EU Fines Moody’s for its Credit Rating of EU Financial Bodies

The European Securities and Markets Authority (ESMA) announced today that it has fined the credit rating agency Moody’s €1.24 million for what it describes as two CRAR (Credit Rating Agencies Regulation) credit ratings breaches.

ESMA says that it found that Moody’s Germany and Moody’s UK negligently committed two infringements of the CRAR regarding their public announcement of certain ratings and their public disclosure of methodologies used to determine those ratings.

These alleged failures concern nineteen ratings issued between June 2011 and December 2013 for nine supranational entities including the European Investment Bank, the European Investment Fund, the European Stability Mechanism, the European Financial Stability Facility and the European Union.

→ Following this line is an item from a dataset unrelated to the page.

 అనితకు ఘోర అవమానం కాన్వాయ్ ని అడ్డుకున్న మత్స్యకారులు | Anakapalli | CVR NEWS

Giving countries a rating that they do not like can always be a sensitive issue for agencies of course. When Moody’s lowered China’s long term currency issuer ratings the Chinese Ministry of Finance also claimed that the organization used an “inappropriate” method.

Moody’s breaches of the CRA Regulation according to ESMA:

The public announcement of the nineteen ratings issued by Moody’s Germany and Moody’s UK between June 2011 and December 2013 included no other material sources of public information than press releases. These failed to indicate the principal methodology used for the ratings decisions and failed to refer to any comprehensive descriptions of the methodology used.

The methodology used in each of the nineteen ratings issued by Moody’s Germany and Moody’s UK between June 2011 and December 2013 was not the subject of any separate public disclosure either before or after the public rating announcements. This Infringement continued for more than six months.